Gender had a profound effect on the slave plantation system in the French Antilles. In "Women and Slavery in the French Antilles, 1635-1848", Bernard Moitt advances this argument by detailing and analysing the social condition of enslaved black women in the plantation societies of Martinique, Guadeloupe, Saint-Dominique (now Haiti), and French Guiana from 1635 to the abolition of slavery in the French colonial empire in 1848. Moitt examines the lives of black women in bondage, evaluates the impact that the slave experience had on them, and assesses the ways in which women reacted to and coped with slavery in the French Caribbean for over two centuries. In probing the lives of slave women, the book focuses mainly on how they laboured valiantly in multiple dimensions, and how they resisted slavery individually and collectively.
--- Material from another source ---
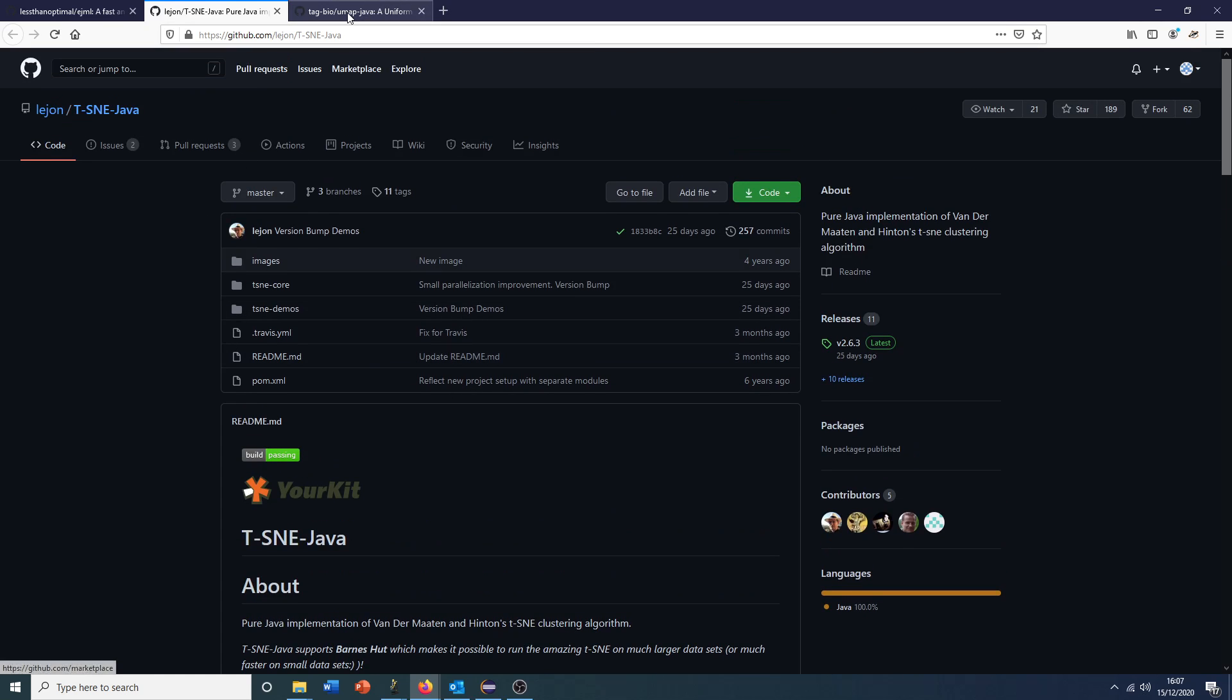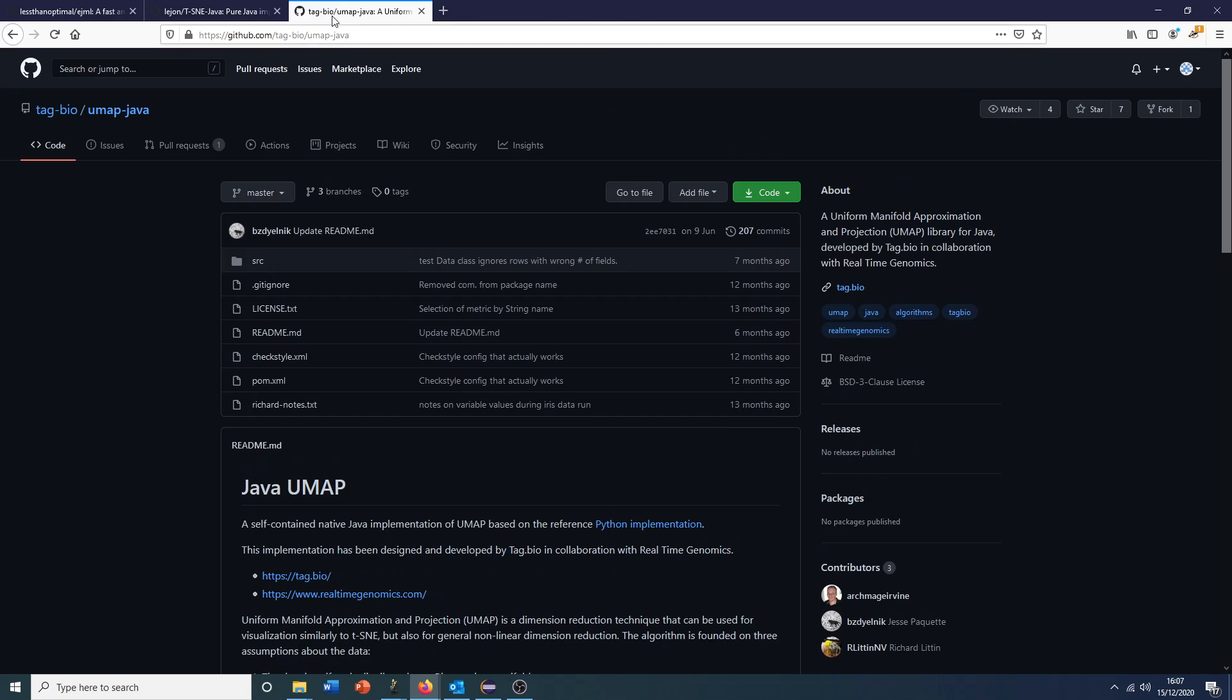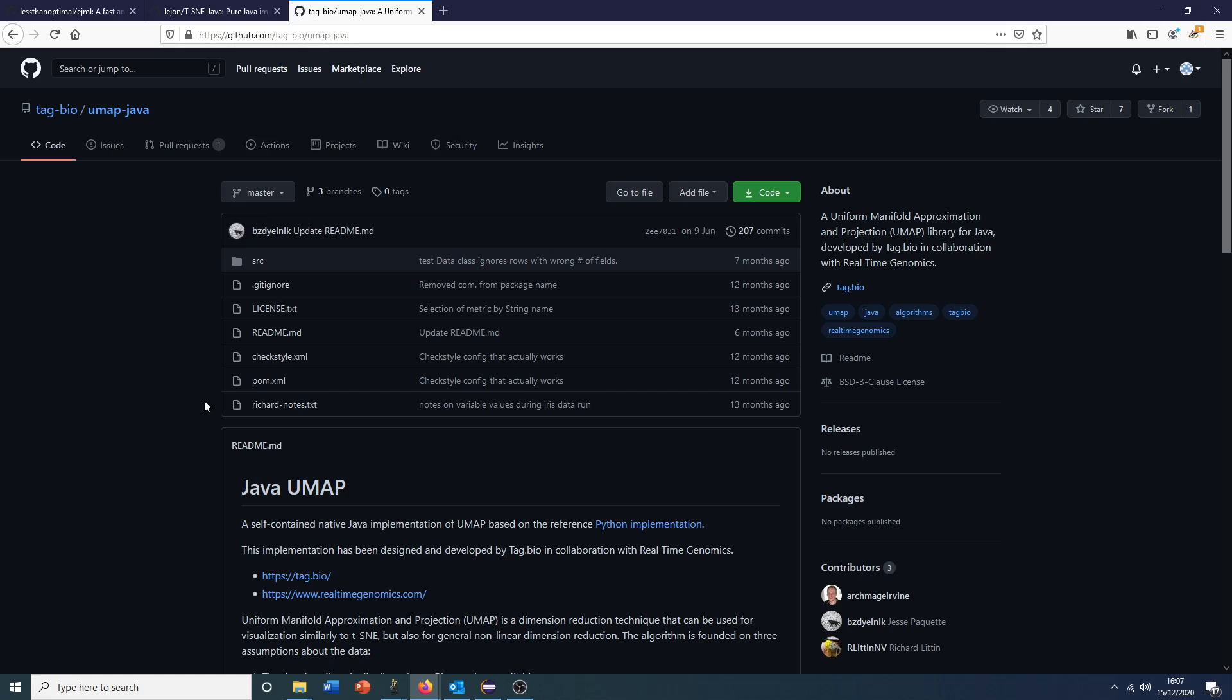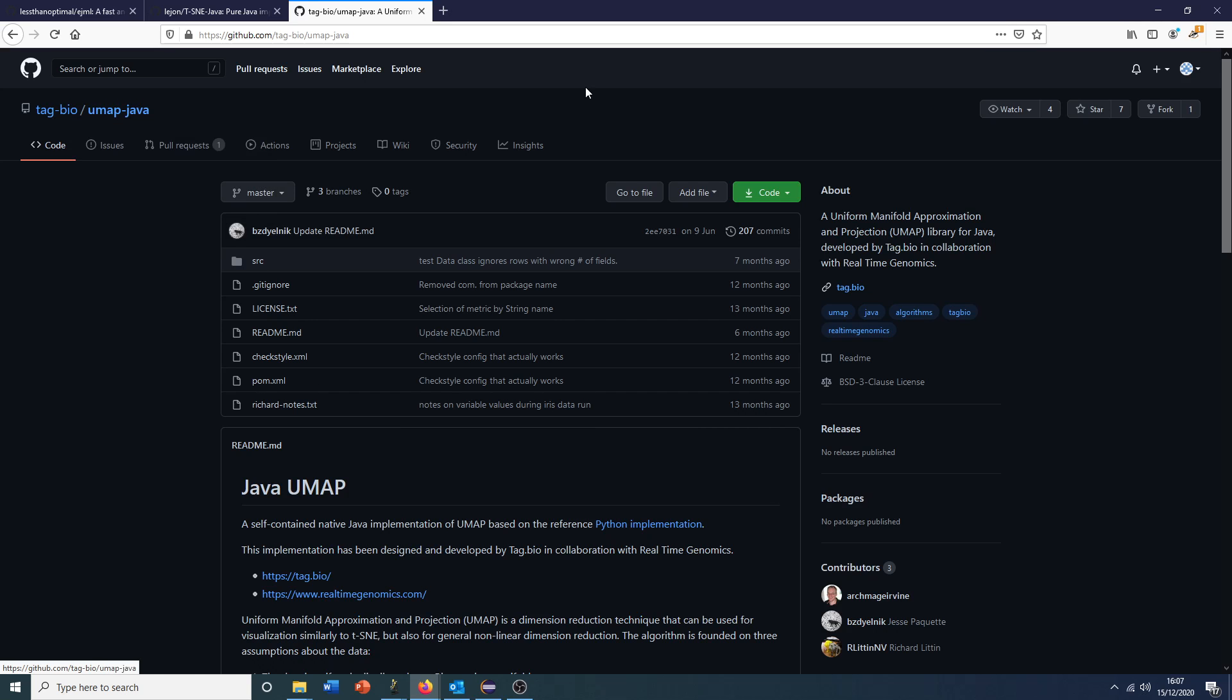We have Leif Johnson's Java TSNE port of Van der Maarten's and Hinton's TSNE clustering algorithm, originally written in Python, and Jesse Paquette's Java port of UMAP. I think this project was sponsored by the company Tag Bio.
Thus the relationship between the allocation of tasks and women's resistance to slavery is emphasised. However, the book also deals with gender relations and their interplay with race. Moitt shows that gender was obliterated under slavery where sexual differentiation gave way to the need for hard, intensive labour, Women were given just as heavy tasks as men, especially in the fields. As males outnumbered females for most of the slavery period and monopolised virtually all of the specialised tasks, the disregard for gender in task allocation means that females did proportionately more hard labour than males. Aside from hard labour in the fields, however, women also engaged in gender-specific labour and performed a host of other labour tasks. How gender made slavery different for women than for men constitutes an important aspect of the book. Slave women resisted slavery in the same ways that men did, as well as in ways that gender and allocation of tasks made possible. Indeed, women were simultaneously involved in multiple strategies aimed at asserting their individuality and ultimately subverting the slave system. Moitt casts slave women in dynamic roles previously ignored by historians, thus bringing them out of the shadows of the plantation world into full view where they belong. His analysis leads him to conclude that in spite of the insurmountable odds that slave women faced, they demonstrated courage, stamina, strength of character, resilience and the will to survive and that future generations can benefit from this extraordinary legacy.